There shall be the following classes of members:
a) Full Members
b) Honorary Life Members
c) Associate Members
DEFINITION OF MEMBERS
a) Full Members – All persons who are owners or part owners of real property in Bayfield Inlet or Nares Inlet or the adjoining areas situate on the Georgian Bay, in the Township of The Archipelago, in the District of Parry Sound/Muskoka, Ontario, and “all adult family members” of such persons shall be eligible for membership in the Association. The directors may, by resolution, determine that other persons may also be eligible for membership.
b) Honorary Life Members – As proposed by resolution of the directors and confirmed at a General Meeting of members.
c) Associate Members – All persons who share a cottage address with a Full Member (see Section 2, a) shall be eligible to become Associate Members.
TERMINATION OF MEMBERSHIP
a) Resignation – Any member may resign at any time upon giving 30 days written notice. No return of dues paid for a year can be made.
b) Failure to Pay Dues – Any Member who has not paid dues for over one year shall be deemed to have resigned 90 days after the date of mailing of the dues notice for the second year.
The Officers of the Corporation shall consist of a Past President, a President, a Vice President, a Secretary and a Treasurer. These Officers will be responsible for the conduct of the organization and its business on a day to day basis.
Officers shall be elected from the membership by the Board of Directors for a term of one year and shall serve until their successors have been elected. Officers shall be eligible for re-election.
BOARD OF DIRECTORS
The affairs and property of the Corporation shall be managed and supervised by a Board of a maximum of seventeen (17) and a minimum of eleven (11) directors to be elected at each Annual Meeting of Members.
2/5ths of the directors will be required as a quorum for meetings of the Board. Directors attending by conference call will constitute part of quorum.
ELECTION AND TERM OF DIRECTORS
Directors shall be elected for a term of one year by the Members at the Annual Meeting. Directors shall be eligible for re-election for additional terms of one year.
Provided there is a quorum of directors remaining in office, the Board, by a Resolution passed by a majority of those members of the Board present at a meeting, may fill any vacancy that occurs on the Board. Those appointed shall hold office until the next Annual Meeting and may stand for election to the Board as a new Director.
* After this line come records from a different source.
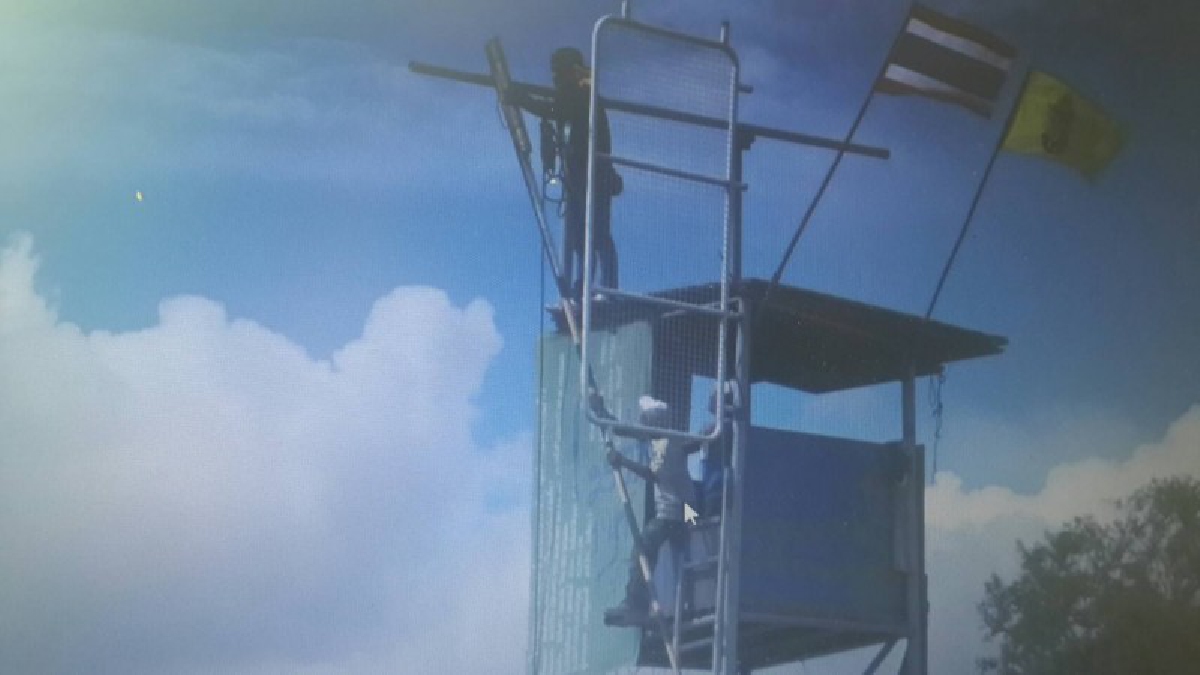 เชียงใหม่!! ชาวบ้านอำเภอจอมทอง จิบอกไฟขึ้นฟ้า สักการะ-กราบไหว้ พระเกษแก้วจุฬามณีบนสวรรค์ ขอฝนก่อนฤดูทำนา (มีคลิป)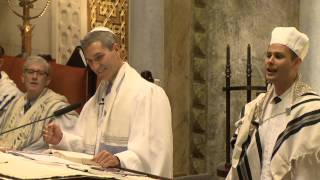 Hasidic Kaddish  Cantor Azi Schwartz at Park Avenue Synagogue 2014 [upl. by Hilly]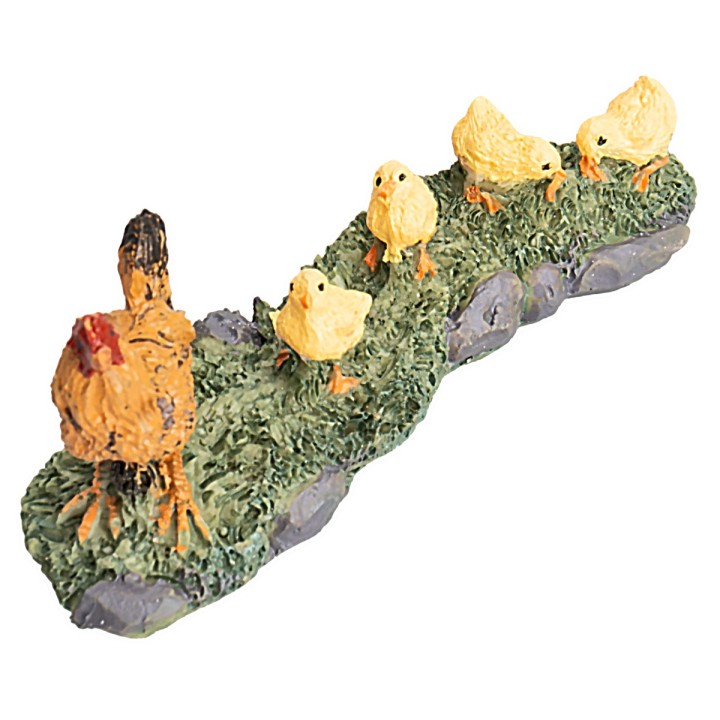 Gallina con pollitos en resina cm 9x2,8x4 h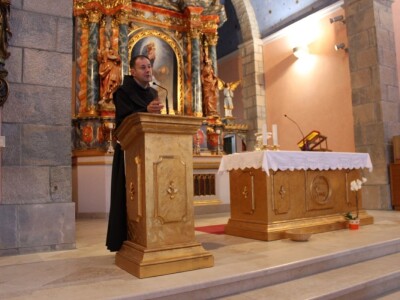 I fratri na Humcu sade masline I fratri na Humcu sade masline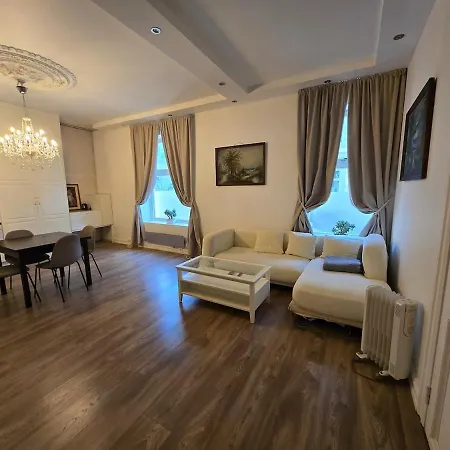 H21d-central-cozy Spacious Suits Family-3 Bedrooms *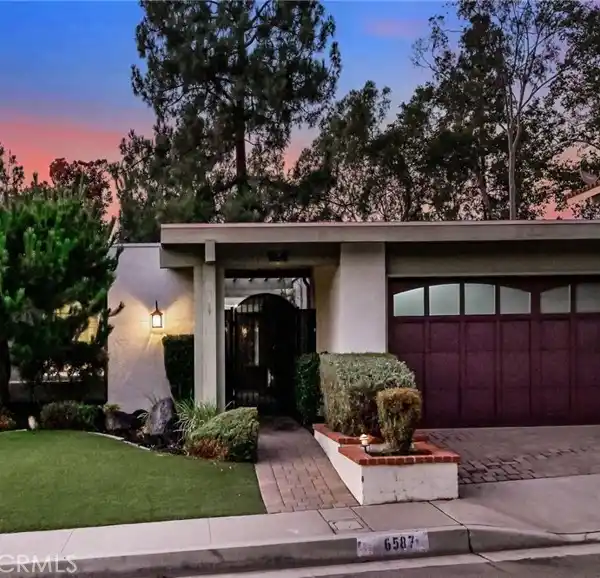 BEAUTIFUL MOVE-IN-READY BROADMOOR HOME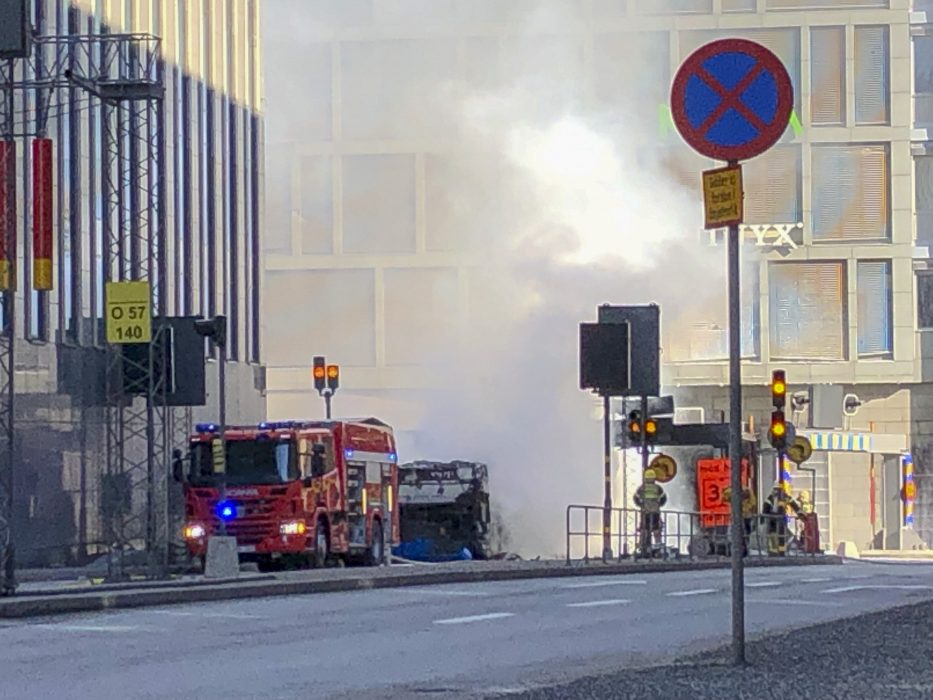 Bussen totalförstördes i en explosionsartad brand vid Klaratunneln i Stockholm.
REMOVAL OF OFFICERS AND DIRECTORS
Any Director may be removed from office by a resolution passed by a majority of the Members present at a meeting duly called for that purpose. A notice of meeting indicating this action must be sent to all Members 30 days in advance. 4
Any Officer may be removed by a resolution passed by a majority of the Directors at a meeting duly called for that purpose. A notice of meeting indicating this action must be sent to all Directors 30 days in advance.
REMUNERATION OF DIRECTORS AND OFFICERS
The directors or officers shall receive no remuneration for acting as such.
PROTECTION OF DIRECTORS AND OFFICERS
Except as otherwise provided in the Act, no director or officer for the time being of the Corporation shall be liable for the acts, receipts, neglects or defaults of any director or officer or employee or for any loss, damage or expense happening to the Corporation through the insufficiency or deficiency of title to any property acquired by the Corporation or for or on behalf of the Corporation or for the insufficiency or deficiency of any security in or upon which any of the moneys of or belonging to the Corporation shall be placed out or invested or for any loss or damage arising from the bankruptcy, insolvency or tortious act of any person including any person with whom or which any moneys, securities or effects shall be lodged or deposited or for any loss, conversion, misapplication or misappropriation of or any damage resulting from any dealings with any moneys, securities or other assets belonging to the Corporation or for any other loss, damage or misfortune whatever which may happen in the execution of the duties of the director’s or officer’s respective office or trust or in relation thereto unless the same shall happen by or through the director’s or officer’s own wilful neglect or default.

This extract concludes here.